Using Carson rule, the analog bandwidth at 5 modulation index occupied by FM signal = 60 KHz

Improvement in output SNR by increasing modulation index = 6.2 dB

This improvement is achieved at the expenses of bandwidth. For modulation index = 3, a bandwidth of 40kHz is needed,
while for modulation index = 5 requires bandwidth = 60kHz.


## Example no 6.6 Page no. 280¶

In [2]:
from math import log10
# To determine the maximum theoretical datarate and to compare this rate to US digital cellular standard

# Given data
SNR=20#                                            # Signal to noise ratio of wireless communication link in dB
B=30*10**3#                                         # RF bandwidth in Hz
SNR=10**(SNR/10)#                                   # Signal to noise ratio of wireless communication link

# To determine the maximum theoretical datarate
C=B*(log10(1+SNR)/log10(2))#                       # The maximum theoretical datarate in bps

# Displaying the result in command window
print '\n The maximum theoretical datarate = %0.2f kbps'%(C*10**-3)#
print '\n The USDC data rate is 48.6 kbps, which is only about one fourth the theoretical limit under 20dB SNR condition.'

 The maximum theoretical datarate = 199.75 kbps

The USDC data rate is 48.6 kbps, which is only about one fourth the theoretical limit under 20dB SNR condition.

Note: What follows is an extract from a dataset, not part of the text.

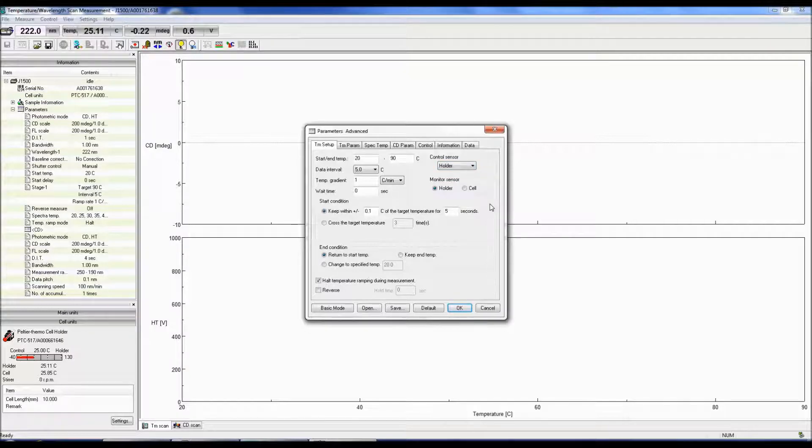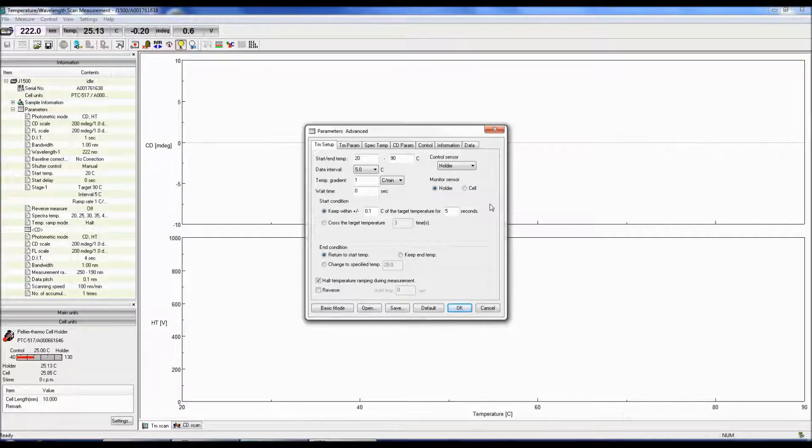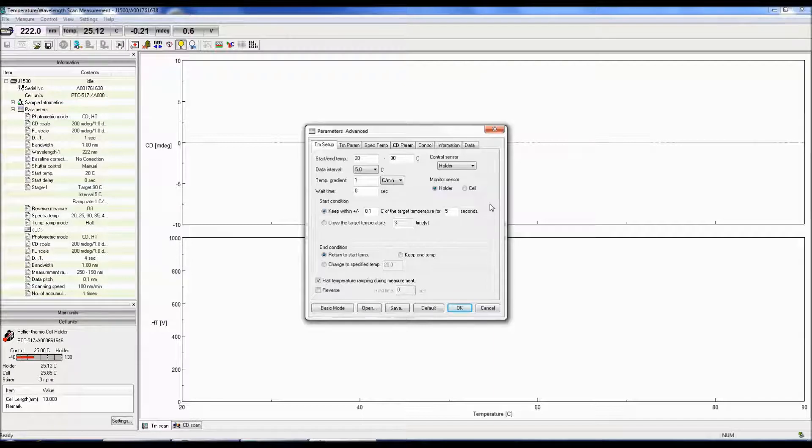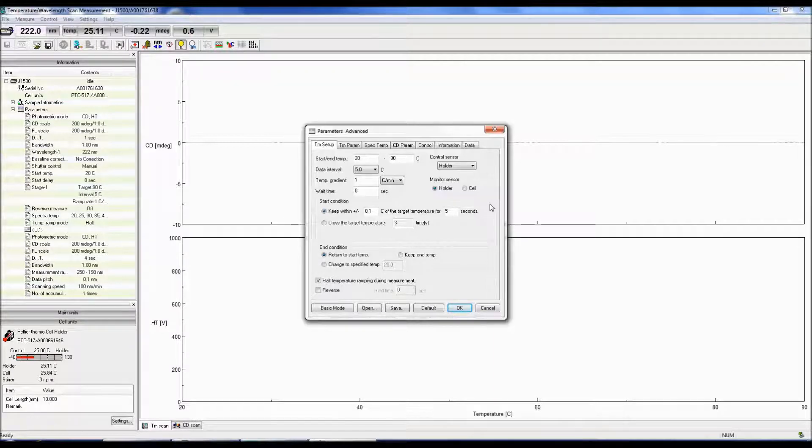Prior to starting the measurement, you can either select to keep the temperature within a specific range of the start temp for a specific amount of time, or you can start the measurement after the temperature crosses the target temp for a specified number of times.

## Example no 6.7 Page no. 280¶

In [3]:
from math import log10
# To determine the maximum theoretical datarate and to compare this rate to GSM standard

# Given data
SNR1=10#                                          # Signal to noise ratio in dB
SNR2=30#                                          # Signal to noise ratio in dB
B=200*10**3#                                       # RF bandwidth of channel in Hz

SNR1=10**(SNR1/10)#                                # Signal to noise ratio
SNR2=10**(SNR2/10)#                                # Signal to noise ratio

# To determine the maximum theoretical datarate
C1=B*(log10(1+SNR1)/log10(2))#                    # The maximum theoretical datarate for SNR=10dB
C2=B*(log10(1+SNR2)/log10(2))#                    # The maximum theoretical datarate for SNR=30dB

# Displaying the result in command window
print '\n The maximum theoretical datarate for 10dB SNR = %0.3f kbps'%(C1*10**-3)#
print '\n The maximum theoretical datarate for 30dB SNR = %0.2f Mbps'%(C2*10**-6)#
print '\n \n The GSM data rate is 270.833 kbps, which is only about 40 percent of the theoretical limit of 10dB SNR condition\n and about 14 percent of theoretical limit of 30dB SNR condition'

 The maximum theoretical datarate for 10dB SNR = 691.886 kbps

The maximum theoretical datarate for 30dB SNR = 1.99 Mbps

The GSM data rate is 270.833 kbps, which is only about 40 percent of the theoretical limit of 10dB SNR condition
and about 14 percent of theoretical limit of 30dB SNR condition


## Example no 6.8 Page no. 291¶

In [4]:
# To find the first zero-crossing RF bandwidth of rectangular pulse and compare to raised cosine filter pulse

# Given data
RectTs=41.06*10**-6#                                             # Symbol period of rectangular pulse
cosineTs=41.06*10**-6#                                           # Symbol period of cosine filter pulse
alpha=0.35#                                                     # Rolloff factor of cosine filter pulse

# To find the first zero-crossing RF bandwidth of rectangular pulse
B1=2/RectTs#                                                    # The first zero-crossing RF bandwidth of rectangular pulse

# The first zero-crossing RF bandwidth of cosine filter pulse
B2=(1/cosineTs)*(1+alpha)#                                      # The first zero-crossing RF bandwidth of cosine filter pulse

# Displaying the result in command window
print '\n The first zero-crossing RF bandwidth of rectangular pulse = %0.2f kHz'%(B1*10**-3)#
print '\n The first zero-crossing RF bandwidth of cosine filter pulse = %0.2f kHz'%(B2*10**-3)#

 The first zero-crossing RF bandwidth of rectangular pulse = 48.71 kHz

The first zero-crossing RF bandwidth of cosine filter pulse = 32.88 kHz


## Example no 6.9 Page no. 307¶

In [5]:
from math import pi,sin,cos
# To determine phase and values of Ik and Qk during transmission of bit stream 001011 using pi/4 DQPSK.

# Given data
theta0=0#                                                                # Initial phase in rad
phi1=pi/4#                                                              # Carrier phase shift for the input bit pair 11 [Feh91], [Rap91b]
phi2=(3*pi)/4#                                                          # Carrier phase shift for the input bit pair 01 [Feh91], [Rap91b]
phi3=(-3*pi)/4#                                                         # Carrier phase shift for the input bit pair 00 [Feh91], [Rap91b]
phi4=-pi/4#                                                             # Carrier phase shift for the input bit pair 10 [Feh91], [Rap91b]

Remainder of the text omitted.